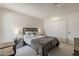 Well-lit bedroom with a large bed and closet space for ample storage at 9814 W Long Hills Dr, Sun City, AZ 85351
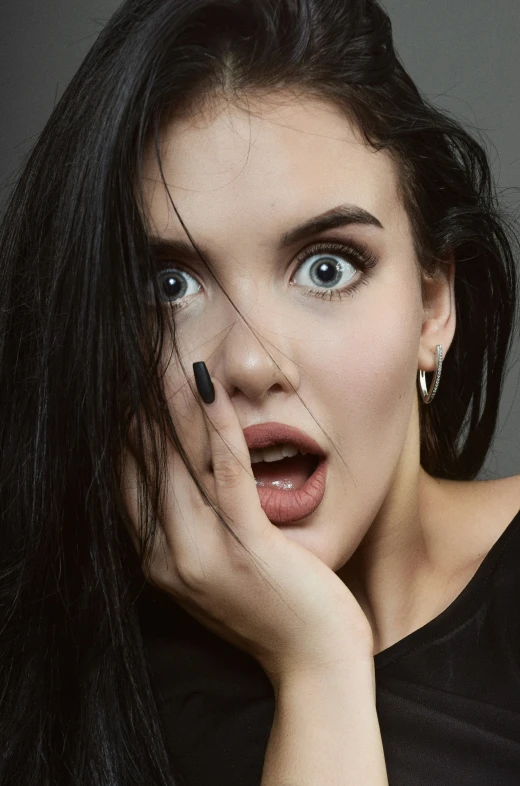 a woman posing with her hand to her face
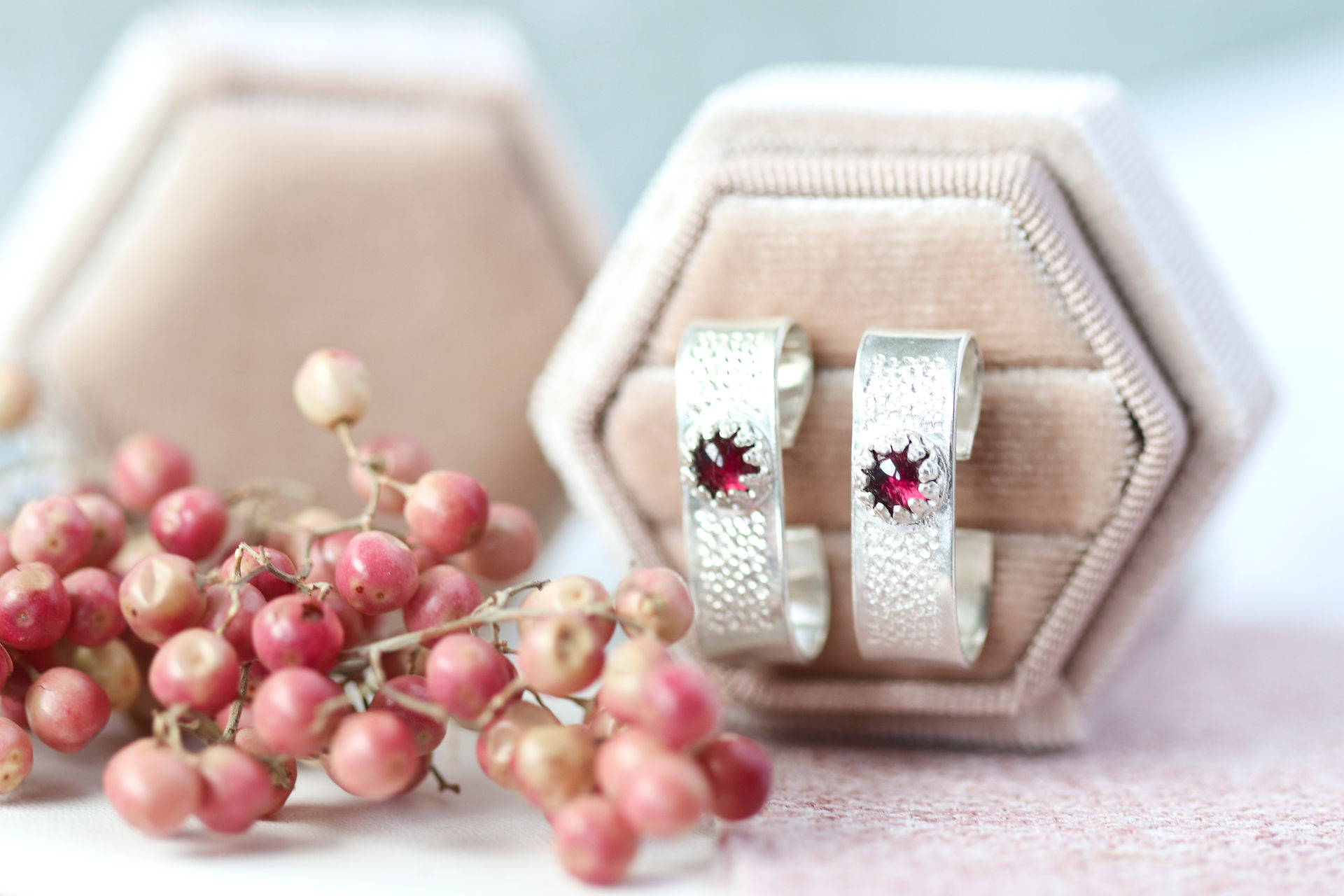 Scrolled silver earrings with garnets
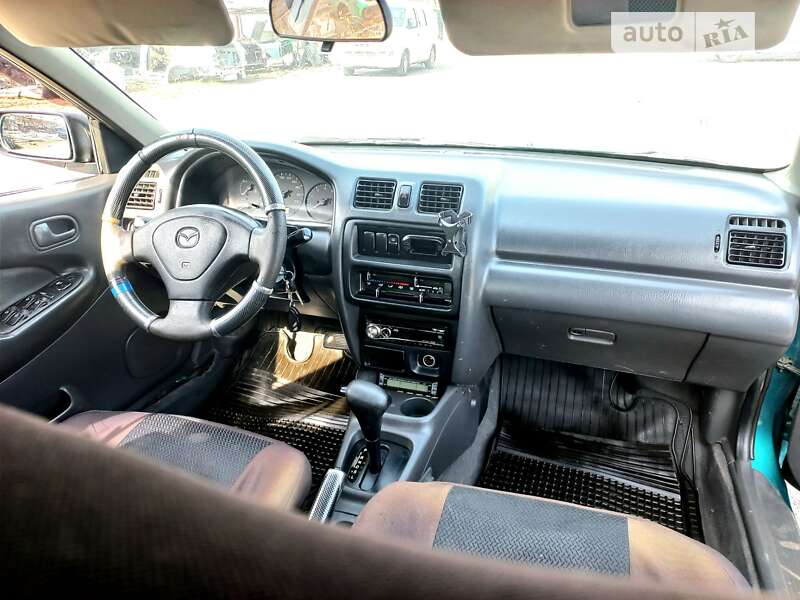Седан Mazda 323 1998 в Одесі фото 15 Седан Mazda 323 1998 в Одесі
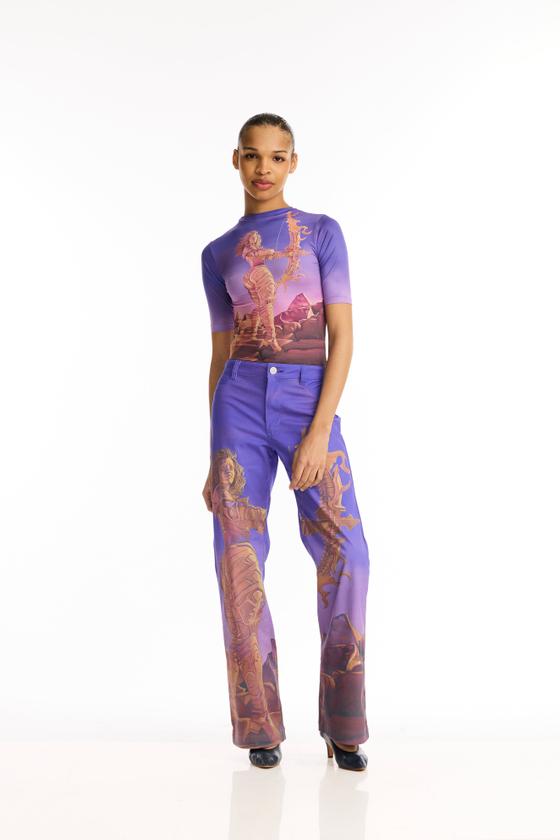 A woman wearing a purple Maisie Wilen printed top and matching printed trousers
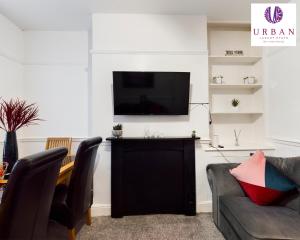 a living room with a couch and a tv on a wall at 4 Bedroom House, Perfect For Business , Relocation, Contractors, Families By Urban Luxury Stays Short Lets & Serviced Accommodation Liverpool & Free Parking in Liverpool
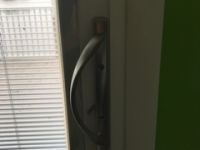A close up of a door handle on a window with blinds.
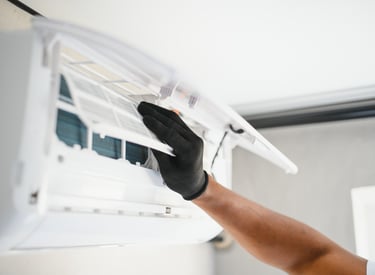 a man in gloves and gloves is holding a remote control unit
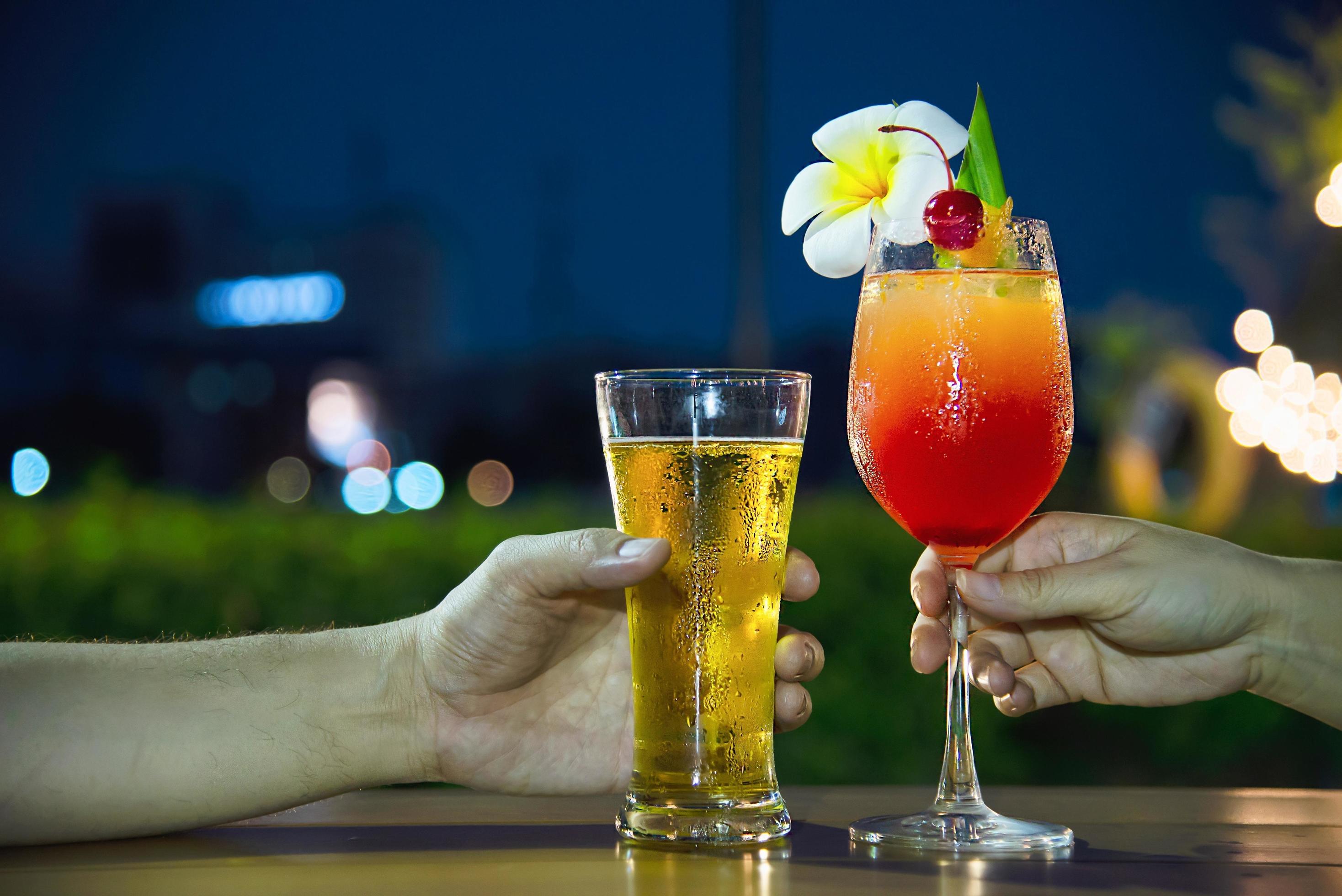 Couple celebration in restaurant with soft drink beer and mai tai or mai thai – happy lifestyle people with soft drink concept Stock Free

• **Assignment**
Please print each entry exactly as it stands, without the pictures.

• **Problem solution**
 Well-lit bedroom with a large bed and closet space for ample storage at 9814 W Long Hills Dr, Sun City, AZ 85351
 a woman posing with her hand to her face
 Scrolled silver earrings with garnets
Седан Mazda 323 1998 в Одесі фото 15 Седан Mazda 323 1998 в Одесі
 A woman wearing a purple Maisie Wilen printed top and matching printed trousers
 a living room with a couch and a tv on a wall at 4 Bedroom House, Perfect For Business , Relocation, Contractors, Families By Urban Luxury Stays Short Lets & Serviced Accommodation Liverpool & Free Parking in Liverpool
A close up of a door handle on a window with blinds.
 a man in gloves and gloves is holding a remote control unit
 Couple celebration in restaurant with soft drink beer and mai tai or mai thai – happy lifestyle people with soft drink concept Stock Free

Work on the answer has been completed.